Killing with Kindness

With the advent of Spring comes a myriad of calls on distressed plants from homeowners, nurseries and landscapers.  One of our better tree service companies (I’ll call the owner/operator ‘Mark’ to protect his clients’ identities) in southeastern Michigan called with a series of problems this spring so I decided to take drive over and get a first hand look. We looked at several problems on plants ranging from trees to ground covers but there soon emerged an consistent thread: overwatering.  Plant problems related to overwatering and poor soil drainage are among the most common landscape issues I see year in and year out.  The stops I made with Mark last week were typical. Mark works in several very affluent suburbs around Detroit (I know readers around the country don’t associate Detroit and affluence, given our recent press, but there is still some serious money in the area).  Some of Mark’s clients spend up to $20,000 per year just to maintain the trees and shrubs on their property – that’s not including lawn maintenance.  Needless to say, these folks want everything perfect.  In their effort to have their landscape look more perfect than the neighbors, the homeowners and their gardeners often go overboard – especially with irrigation.  One of the things that caught my attention during our site inspection was recurring issues with Norway spruce.  For the most part, we regard Norways as a cast iron plant and one of the last trees with which we’d expect to have problems.  Yet we saw several instances were established specimens were suffering needle die-back and declining.  

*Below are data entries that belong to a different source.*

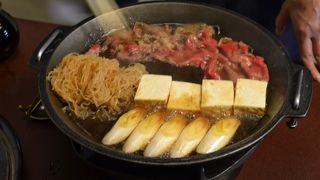 すきやきならここ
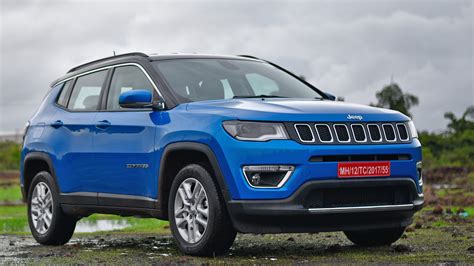 Jeep Compass 2019 Price Mileage Reviews Specification Gallery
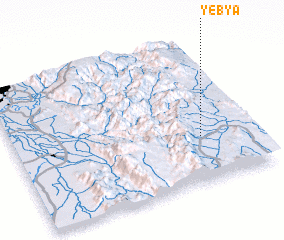 3d view of Yebya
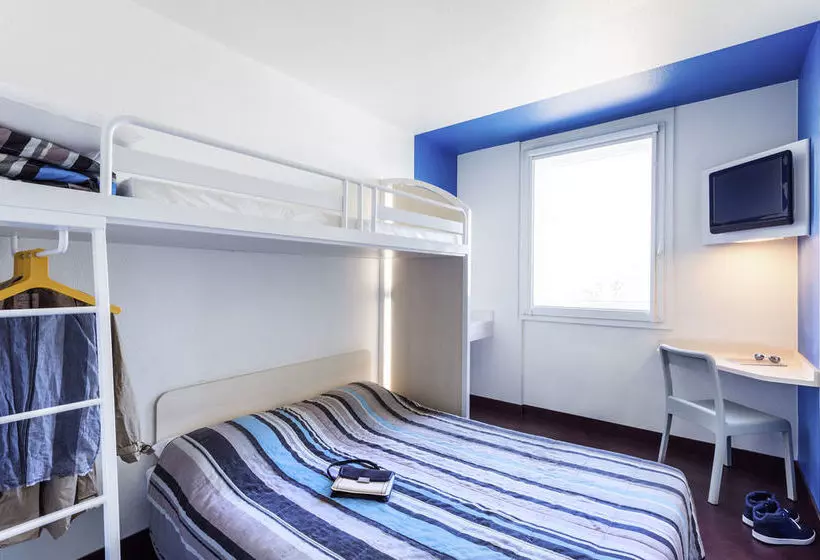 ホテル F1 Le Creusot Montchanin Gare Tgv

In each case the trees were irrigated in situations where they would likely grow well without supplemental watering.  But the trees were surrounded by ground covers or annual beds with heavy soils that were heavily irrigated.  Problems usually increased on down-slope positions.  

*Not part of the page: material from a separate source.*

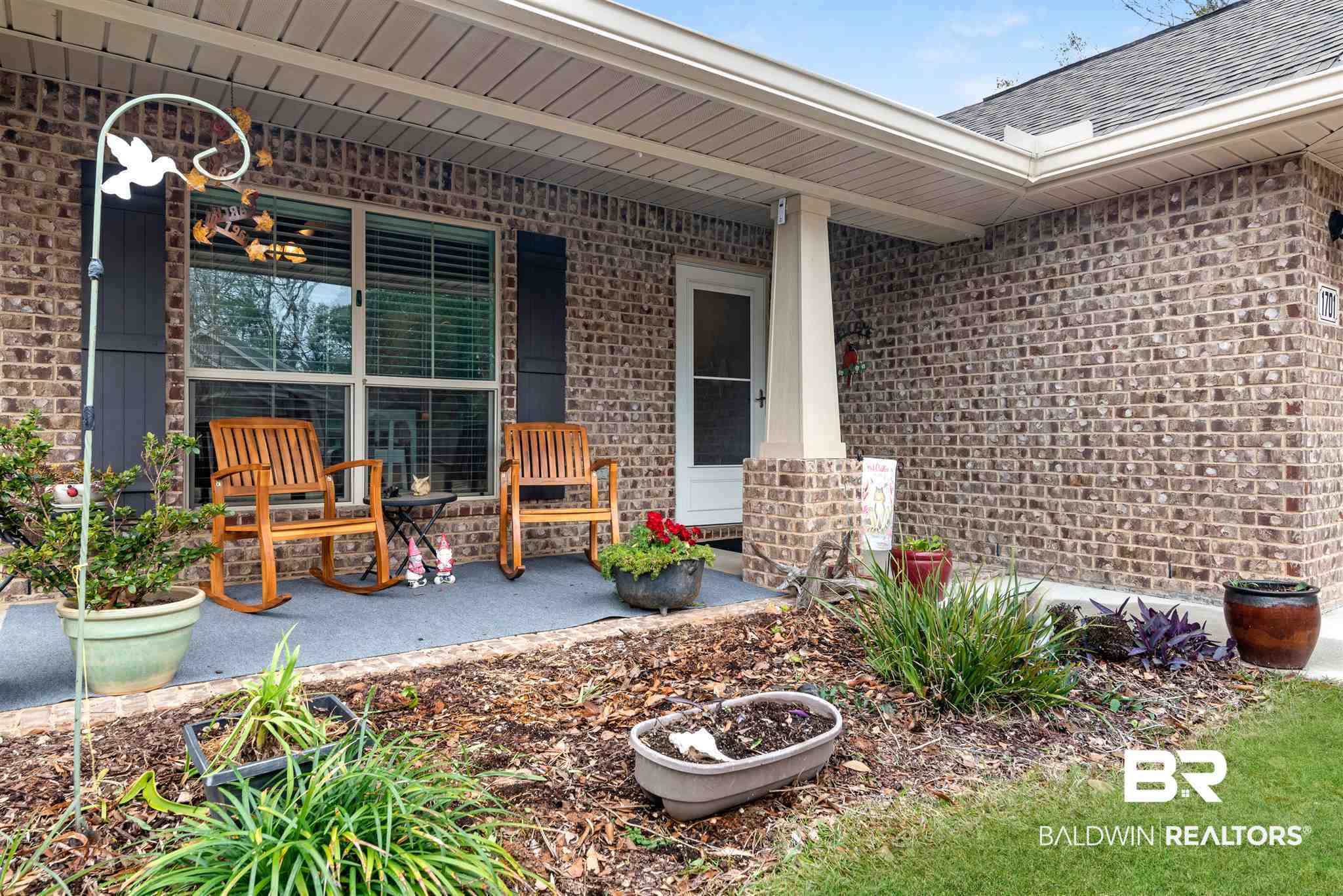 1701 Firefly Lane Foley, AL 36535 - Photo 8 of 37 Front porch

The solution?  Back off the irrigation.  Everyone knows trees need water, but roots their roots also need oxygen.  At one site we visited, the homeowner already had his gardener running the irrigation system – in April!  This is truly killing with kindness.  Most established landscape trees, shrubs and perennials  in this part of the world need little, if any, irrigation.  Newly planted trees and shrubs need an occasional (weekly to bi-weekly) drink in the first year and some follow-up the second year.  After that they can manage most years on our rainfall. In the end, a lot comes down to design.  Establish thirsty annual beds where they can be irrigated without drowning hardier trees and shrubs.

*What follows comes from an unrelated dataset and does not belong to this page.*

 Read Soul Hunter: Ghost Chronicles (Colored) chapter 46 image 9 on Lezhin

5 thoughts on “Killing with Kindness”

  1. I always imagine my trees greedily sucking up all the water and depriving the other, smaller plants. I never knew it was possible to overwater something so large.

  2. If they HAD to have annual beds under the spruce, couldn’t they back off on the water so that both were happy? Watering so much that the tree roots don’t have oxygen would almost certainly (in my mind) mean the annuals are overwatered too – unless they’re growing papyrus under there :).

  3. D’oh! You just said that. I missed the “thirsty” part of your recommendation to move annual beds. Sorry.

  4. Overwatering is a new concept to me. I always maintain a distance between trees and flowerbeds. or plant smaller ones in pots.

  5. Yes, depending on your local climate most established trees can manage fine without irigation. Some exception would be trees in containers and other, resticted root zones.
    Cindy, you might be interested in some research by Todd Dawson at UC Berkely that demonstrated a phenomenon known as ‘hydraulic lift’, whereby large trees bring up water from deep in the soil profile that becomes availble to smaller herbaceous plants. Not enough room here – I’ll describe it in more detail in a later blog post.